People Judge Men's & Women's Sexual Orientation Differently & Here's Why That's A Problem
People of all genders and sexual orientations face unfair judgments and unwarranted assumptions based on who they get involved with romantically and sexually. But a new study suggests that men and women get judged differently in this regard. When people hear about someone who has been involved with the same sex, the conclusions they draw about that person depend on their gender.
For the study, published in American Sociological Review, Purdue University professor Trenton D. Mize and Indiana University grad student Bianca Manago asked people about their reactions to hypothetical scenarios where someone who had only slept with or dated people of the opposite gender had sex with someone of the same gender. When this person was female, 51 percent of subjects thought she was still straight. When the main character of the story was male, however, only 31 percent considered him straight. When people read stories about someone who'd had same-sex encounters followed by one opposite-sex one, the same thing happened: People judged more women than men as straight.
Mize and Manago believe this pattern occurred because heterosexual men enjoy a privileged status that is rigidly defined. "We introduce the concept of precarious sexuality to suggest that men’s — but not women’s — heterosexuality is an especially privileged identity that is easily lost," the study reads. Here's why the authors found what they did and what the study says about societal norms regarding gender and sexuality.
The Higher A Group's Status, The More Their Identity Is Policed
The crux of the theory Mize and Manago put forth is that, since heterosexual men are considered the highest-status group in society, their identity is the most harshly policed. Straight men have a higher social standing than men of other sexual orientations, as well as women, while there isn't as much of a status difference between women of different sexual orientations. (Women are considered pretty low-status no matter who they sleep with, in case you haven't noticed). So, by engaging in a behavior inconsistent with their status, straight men who hook up with men are threatening the order of society.
"By setting strict boundaries around what is “acceptable” high status behavior, the high status designation is able to remain high status and beneficial," Mize and Manago tell Bustle. "One way of doing this is to discourage and punish any low-status behavior from a high status person."
This Is A Problematic Double Standard
One problem with these judgements is that the men and women in the stories were doing the same thing, yet they were judged differently. In general, men often face harsher consequences for engaging in same-sex sexual encounters.

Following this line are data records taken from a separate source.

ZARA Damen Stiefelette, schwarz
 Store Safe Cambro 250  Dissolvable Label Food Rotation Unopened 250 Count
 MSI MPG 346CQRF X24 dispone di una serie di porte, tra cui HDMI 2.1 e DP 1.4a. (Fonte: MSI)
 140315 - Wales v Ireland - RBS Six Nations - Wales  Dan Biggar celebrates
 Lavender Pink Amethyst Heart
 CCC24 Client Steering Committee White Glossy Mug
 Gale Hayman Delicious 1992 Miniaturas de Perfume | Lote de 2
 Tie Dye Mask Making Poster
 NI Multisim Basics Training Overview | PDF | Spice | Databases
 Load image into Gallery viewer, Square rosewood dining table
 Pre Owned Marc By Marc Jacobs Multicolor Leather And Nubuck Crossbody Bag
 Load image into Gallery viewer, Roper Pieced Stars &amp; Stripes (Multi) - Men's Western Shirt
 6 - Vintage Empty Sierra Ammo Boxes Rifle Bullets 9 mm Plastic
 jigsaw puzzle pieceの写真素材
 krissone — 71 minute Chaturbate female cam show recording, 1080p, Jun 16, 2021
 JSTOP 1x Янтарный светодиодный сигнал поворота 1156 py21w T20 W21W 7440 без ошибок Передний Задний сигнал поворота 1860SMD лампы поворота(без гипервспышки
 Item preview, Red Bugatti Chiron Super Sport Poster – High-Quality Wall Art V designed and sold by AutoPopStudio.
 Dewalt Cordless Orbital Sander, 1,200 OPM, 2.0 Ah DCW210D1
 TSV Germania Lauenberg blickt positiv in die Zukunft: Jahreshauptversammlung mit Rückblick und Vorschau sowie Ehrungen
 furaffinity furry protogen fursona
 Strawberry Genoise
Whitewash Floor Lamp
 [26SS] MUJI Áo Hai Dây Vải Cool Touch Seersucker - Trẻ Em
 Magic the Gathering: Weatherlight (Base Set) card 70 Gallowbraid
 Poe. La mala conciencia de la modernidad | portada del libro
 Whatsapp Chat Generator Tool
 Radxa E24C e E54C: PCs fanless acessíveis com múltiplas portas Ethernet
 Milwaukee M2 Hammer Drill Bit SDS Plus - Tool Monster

"We have a societal ideal that people will judge someone based on what they do — rather than based on whether they are a man or a woman," Mize and Manago say. "Therefore, these judgements could be problematic because men and women are treated differently for the same exact behavior."
They add that these judgments could have real-life consequences. "If men and women intuitively understand what our study shows — that men’s heterosexuality is more easily questioned than women’s heterosexuality — then this could have important implications for their behavior," they say. "For example, if a man was romantically interested in another man, he may be less likely to act on that interest if he knows it may undermine any ability to claim to be heterosexual in the future."
The Only Person Who Gets To Define Your Identity Is You
Ultimately, no matter what someone's gender is or who they sleep with, they alone get to say what their sexual orientation is. Even if someone has only been with the opposite gender, for example, they could still be gay if they say they are. Identity is completely personal.
So, we shouldn't be judging men's and women's sexual orientation by different standards. But more than that, we shouldn't be judging them at all.